Exercise objective >>
Beginning at the line that mentions "Presidente dos EUA, Donald", retype the rest of the records below exactly. Pictures are not part of the copy.

-------- Records shown --------

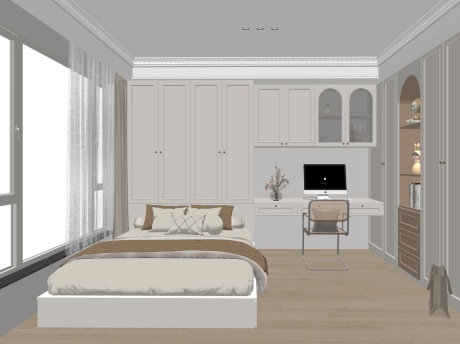 奶油风卧室SU模型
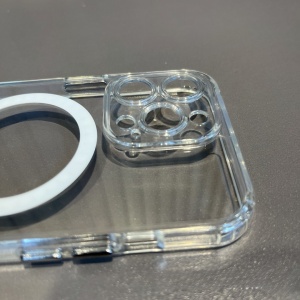Husa protectie Flippy pentru iPhone 14 Pro Max Mag Safe, 2 in 1 incarcare si magnet, Silicon si Acril, Transparenta - Img 6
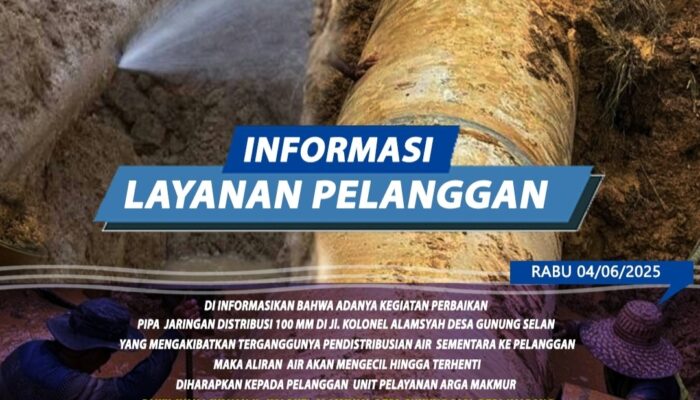 Optimalkan Layanan Air Bersih, PDAM Tirta Ratu Samban Lakukan Perbaikan Jaringan Pipa Distribusi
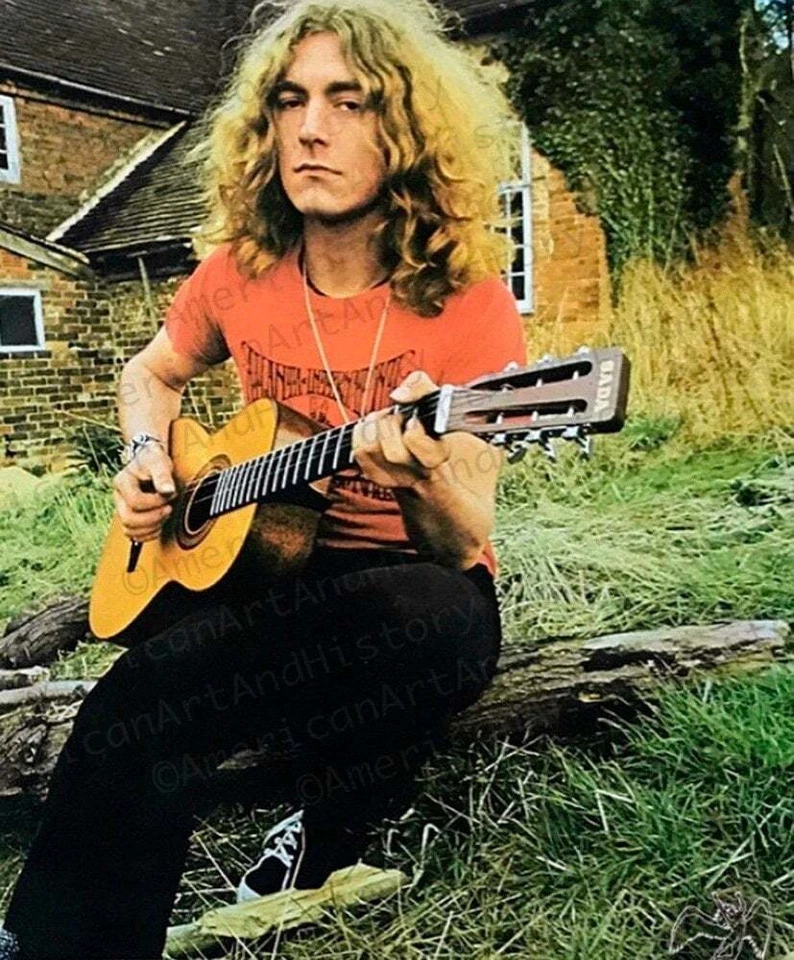 Robert Plant playing Guitar at Bron-Yr-Aur 1970 Photo Print Poster Led Zeppelin - Image 1 of 1
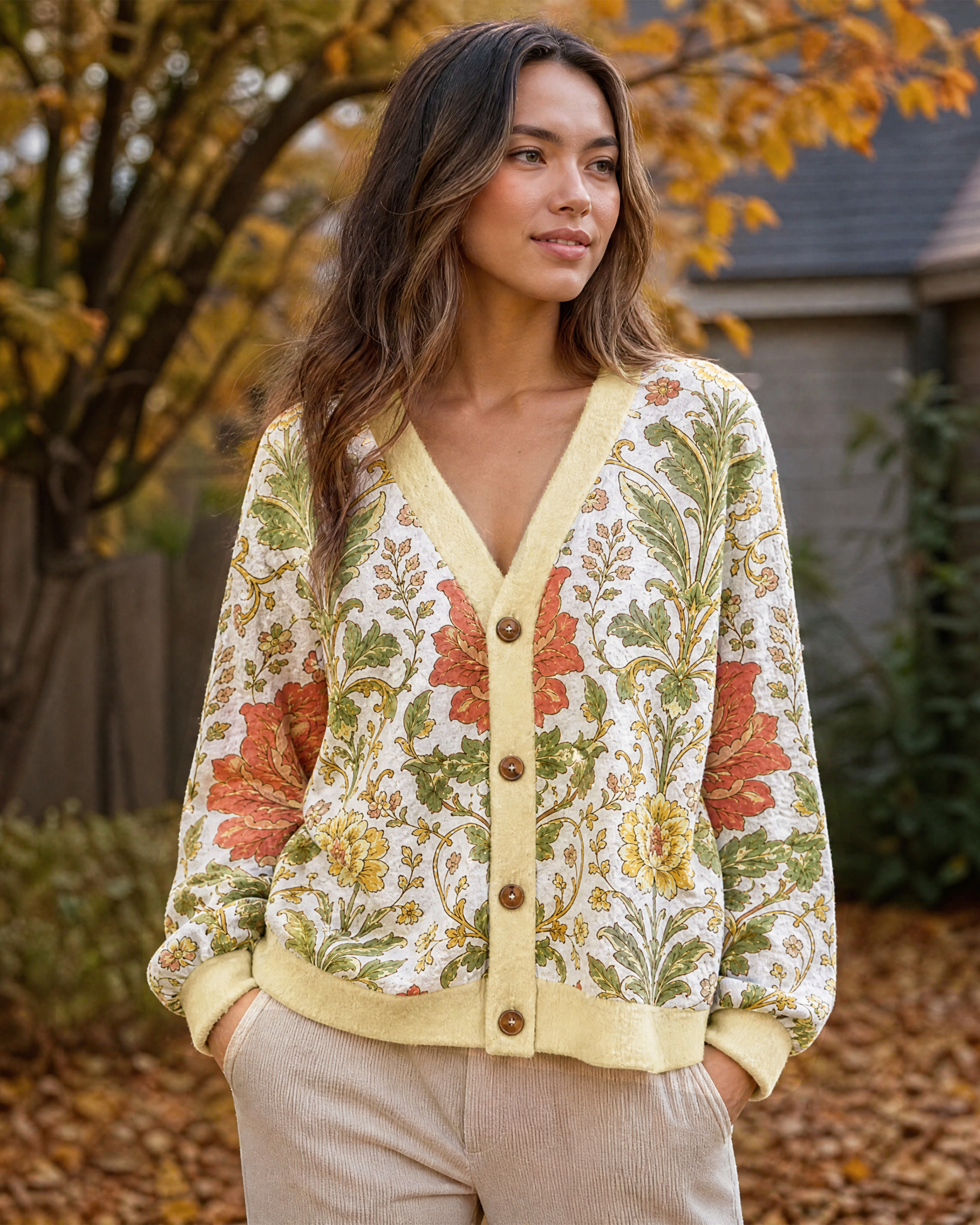 Botanical Morris Grand Peony Cardigan Sweaters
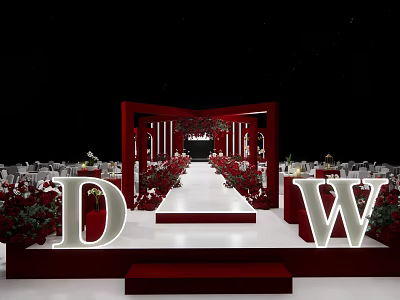 Elegant Banquet Hall With Red Decor D And W Letters Red Carpet And Flower Arrangements 3d model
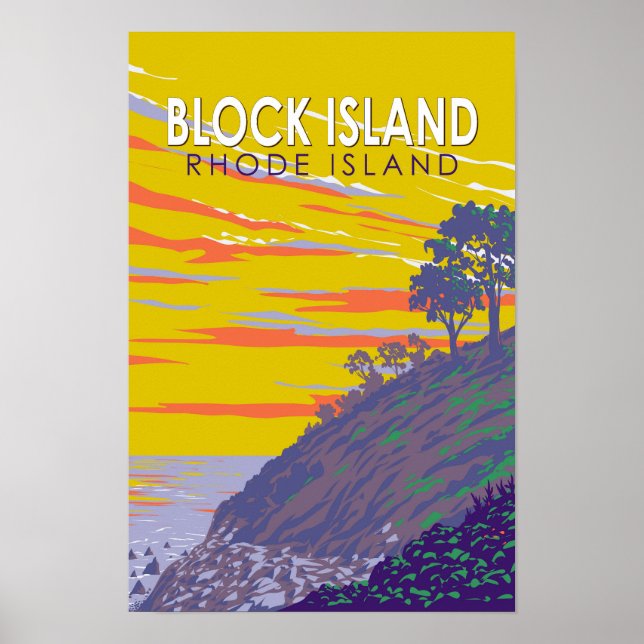 Block Island Rhode Island Arte de Viaje Vintage (Frente)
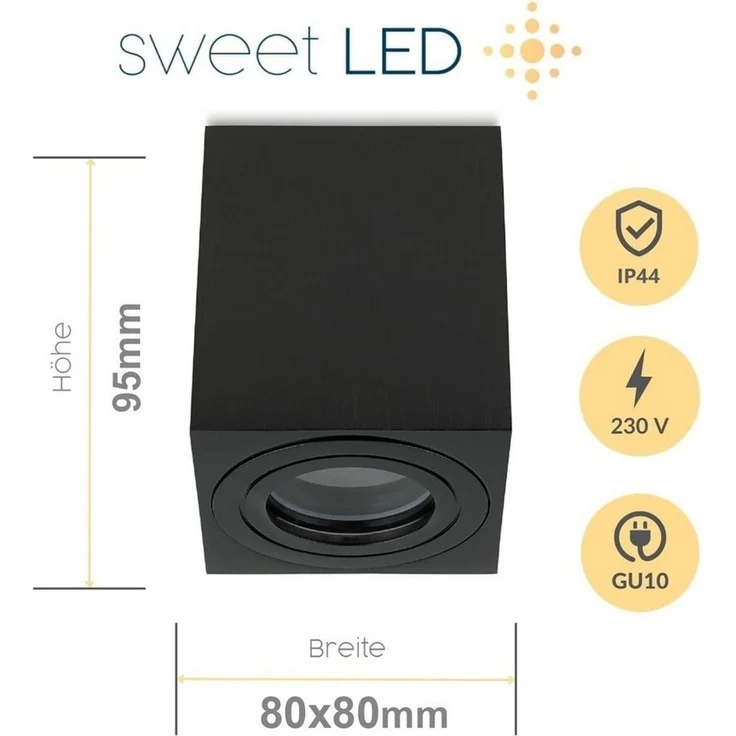 Sweet LED Aufbauleuchte 4er Set GU10 für Bad & Küche IP44 Deckenspots eckig schwarz 230V, spritzwassergeschützt, ohne Leuchtmittel, Aufbaustrahler LED, Aufbauspot, Deckenleuchte – Bild 4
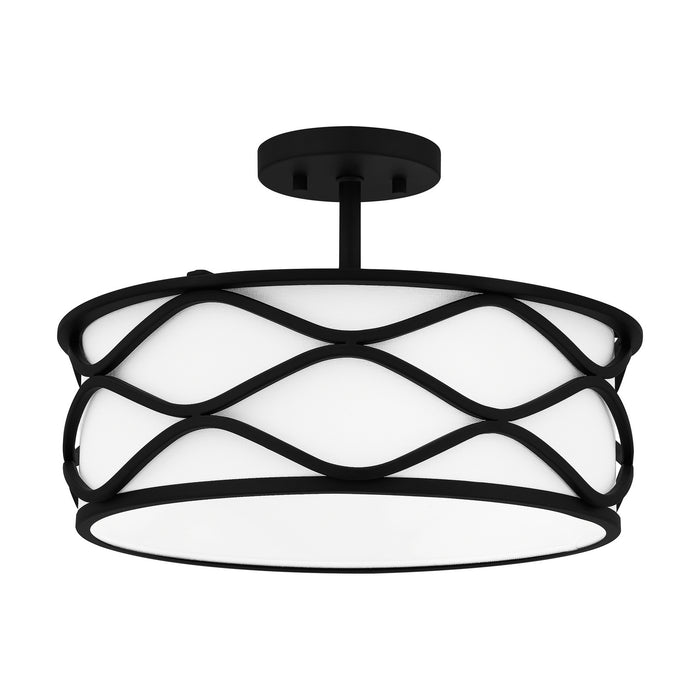 Three Light Semi Flush Mount from the Tallow collection in Matte Black finish
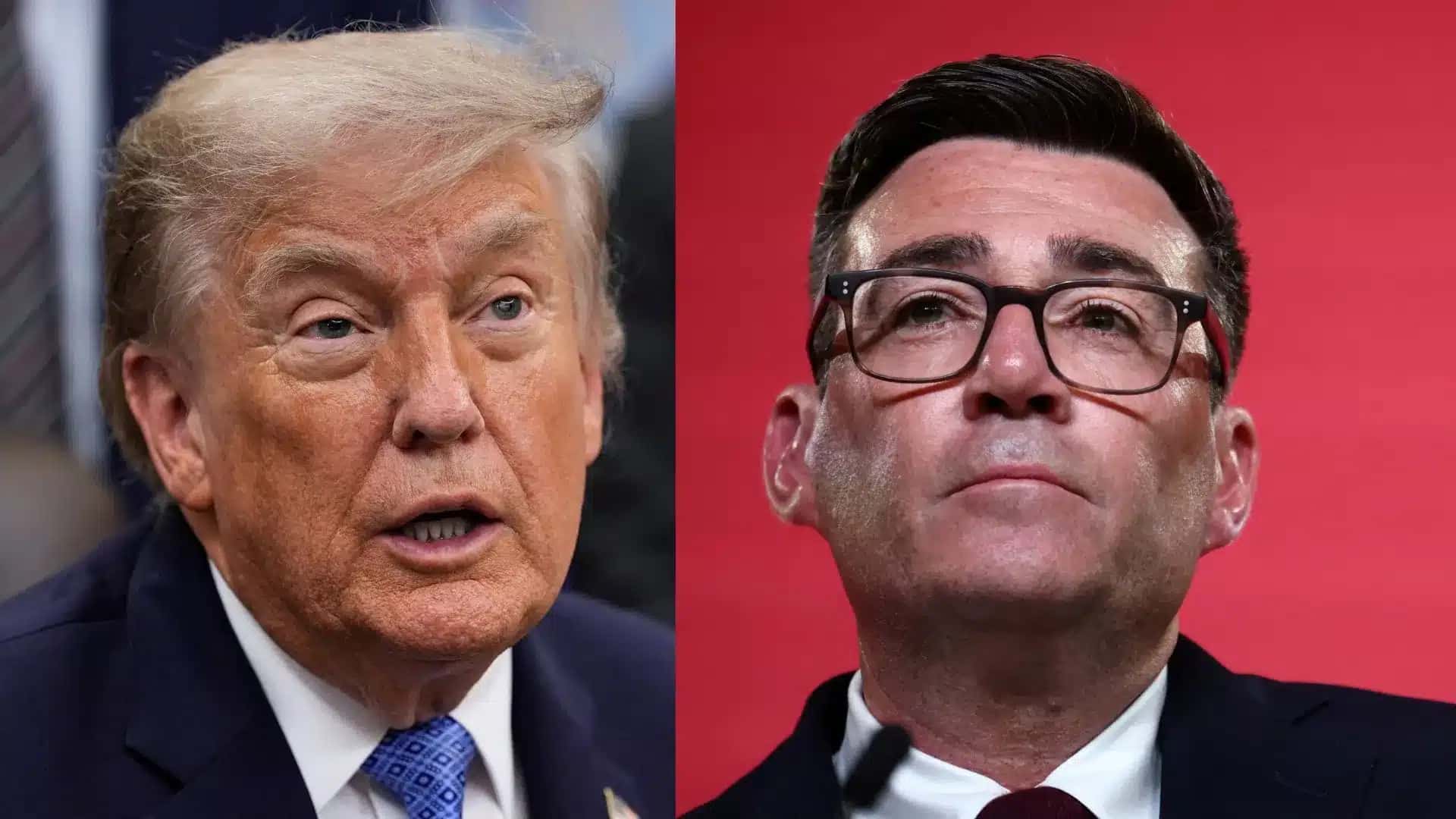 Presidente dos EUA, Donald Trump, e primeiro-ministro do Reino Unido, Andy Burnham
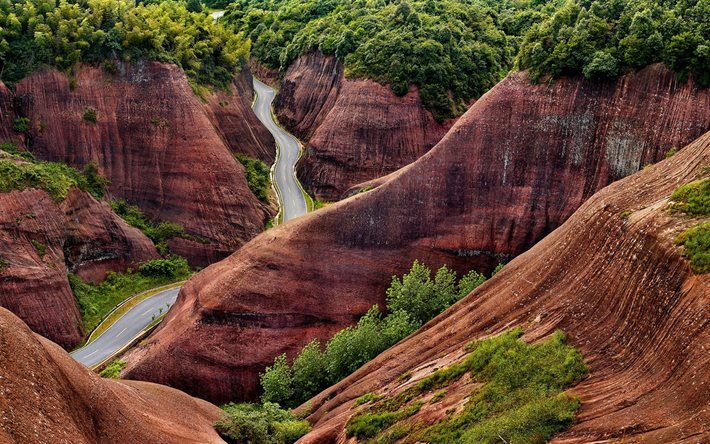 des collines, de la chine, de la route, du rock, de la forêt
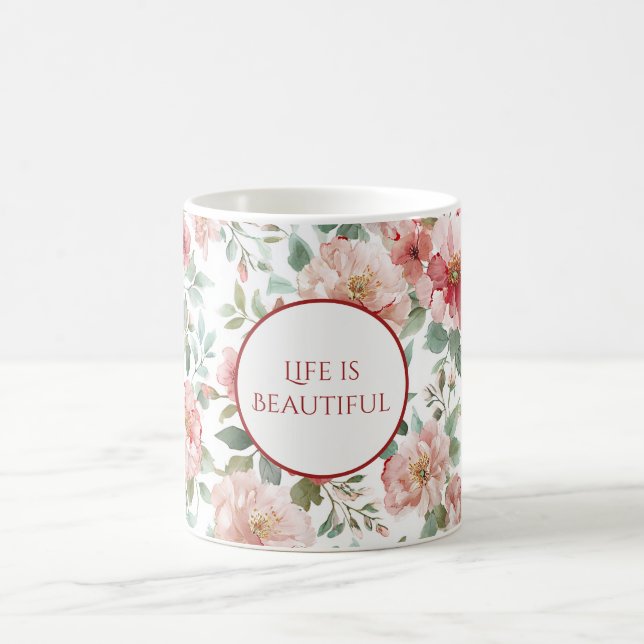 Mug Fleurs roses rouges Citation personnalisée (Centre)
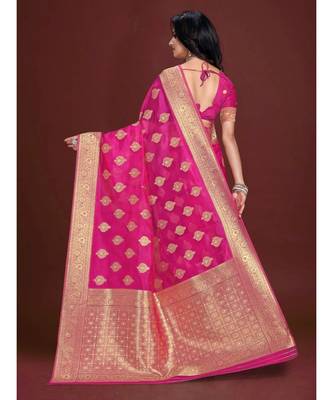Soft Organza Saree with Blouse piece 4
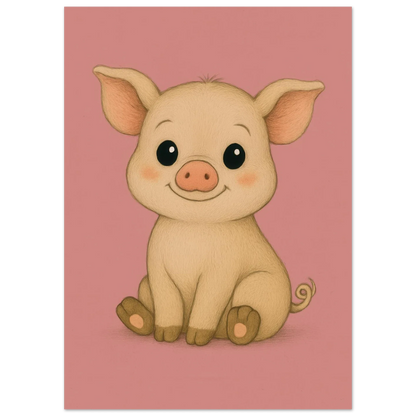 Charming Baby Piglet Art Print – Adorable Farmhouse Decor for Nursery & Kids' Rooms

--------

Output for this task >>
 Presidente dos EUA, Donald Trump, e primeiro-ministro do Reino Unido, Andy Burnham
 des collines, de la chine, de la route, du rock, de la forêt
 Mug Fleurs roses rouges Citation personnalisée (Centre)
Soft Organza Saree with Blouse piece 4
 Charming Baby Piglet Art Print – Adorable Farmhouse Decor for Nursery & Kids' Rooms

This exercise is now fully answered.